Each process has a unique pid (process identifier). We will occasionally need to use these numbers in other shell commands.
CPU Usage
The system load is a measure of how many processes are running and how computationally intensive those tasks are. The amount of processing power you have will depend on the type of processor in the machine you are using. In all likelihood your computer has a multicore CPU. These factors are important in determining the current load on a given machine and whether you are able to take advantage of any available resources. To get a summary of the CPUs available on your current machine, use the command lscpu
.
$ lscpu
Architecture: x86_64
CPU op-mode(s): 32-bit, 64-bit
Byte Order: Little Endian
CPU(s): 4
On-line CPU(s) list: 0-3
Thread(s) per core: 1
Core(s) per socket: 1
Socket(s): 4
NUMA node(s): 1
Vendor ID: GenuineIntel
CPU family: 6
Model: 60
Model name: Intel Core Processor (Haswell, no TSX)
Stepping: 1
CPU MHz: 2294.470
BogoMIPS: 4588.94
Virtualization: VT-x
Hypervisor vendor: KVM
Virtualization type: full
L1d cache: 32K
L1i cache: 32K
L2 cache: 4096K
NUMA node0 CPU(s): 0-3
Flags: fpu vme de pse tsc msr pae mce cx8 apic sep mtrr pge mca cmov pat pse36 clflush mmx fxsr sse sse2 ss syscall nx pdpe1gb rdtscp lm constant_tsc rep_good nopl eagerfpu pni pclmulqdq vmx ssse3 fma cx16 pcid sse4_1 sse4_2 x2apic movbe popcnt tsc_deadline_timer aes xsave avx f16c rdrand hypervisor lahf_lm abm tpr_shadow vnmi flexpriority ept fsgsbase bmi1 avx2 smep bmi2 erms invpcid xsaveopt
This summary gives us more information than we need at this point, but importantly it tells us how many CPU cores there are and their speed. In this example we see the machine has 4 available CPUs, each of which are roughly 2.3GHz.

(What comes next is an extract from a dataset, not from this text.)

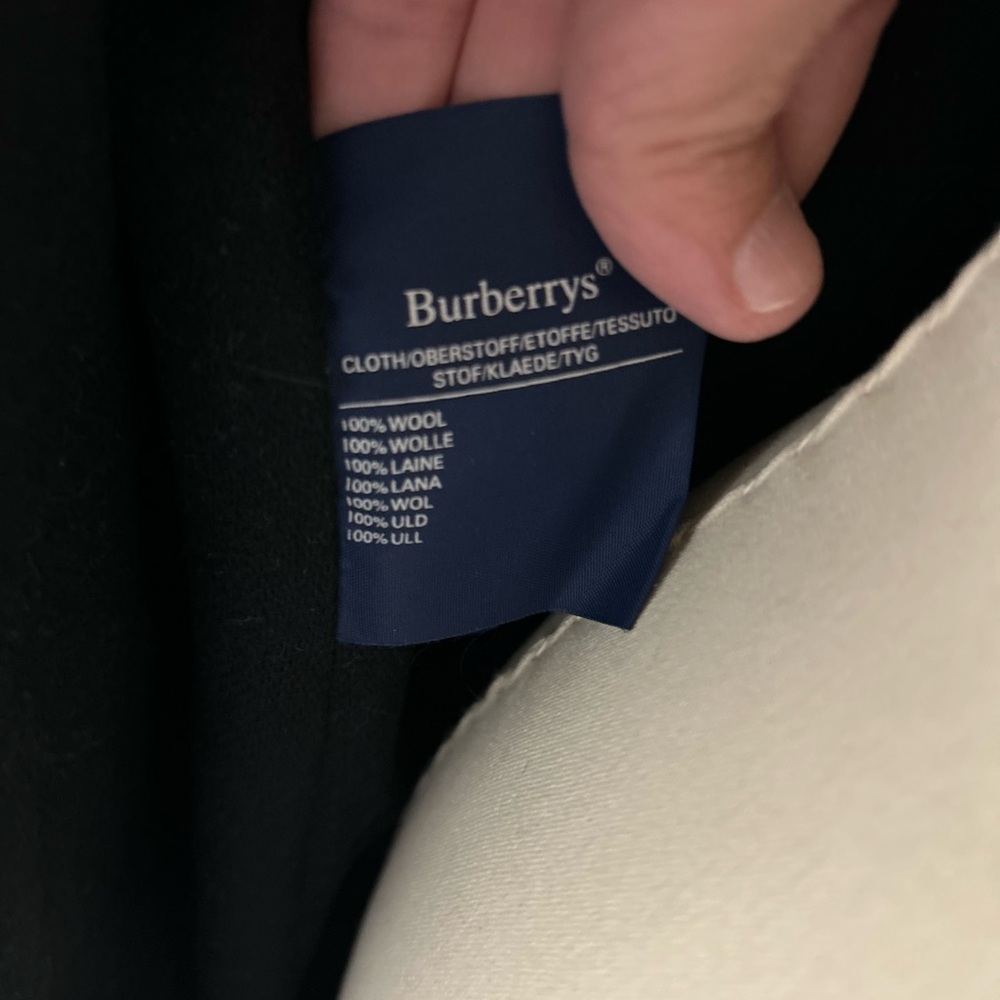 Burberry Black Double-Breasted Belted Trench - Picture 9 of 13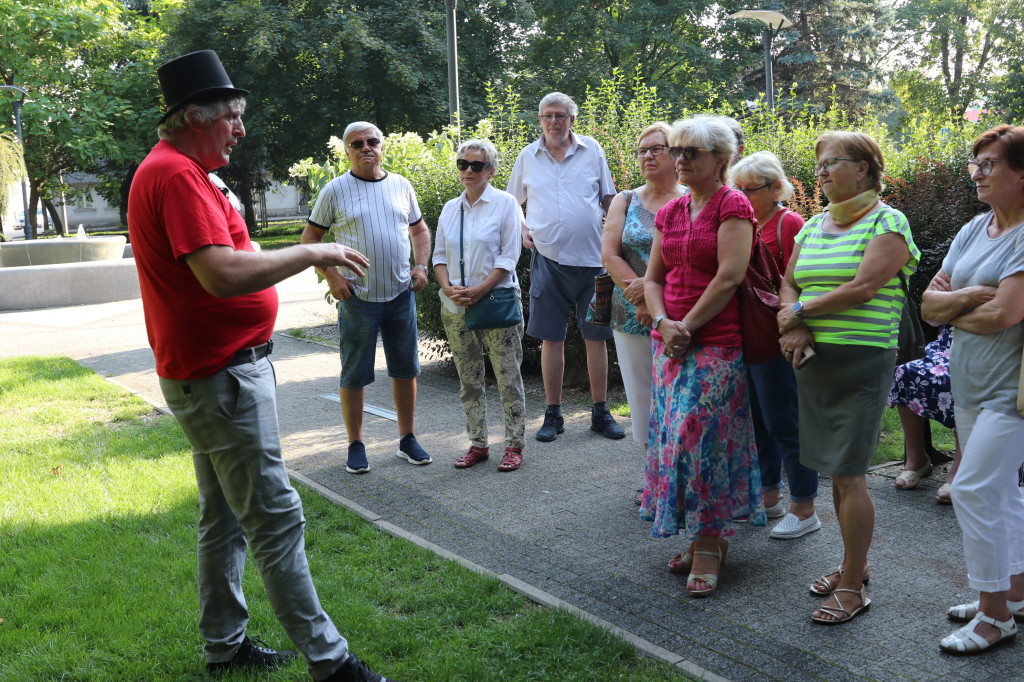 Spacer z historią w gostyńskich plantach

Looking back to the top
output, you will see a line in the top summary for ‘%Cpu(s)’. This indicates the average CPU use over the last few seconds. It is the percentage used of all CPUs combined, so it will range from 0% to 100%. One of the numbers is ‘id’, which means idle. This percentage multiplied by the number of cores will indicate how many CPU cores are available if you were about to start a program.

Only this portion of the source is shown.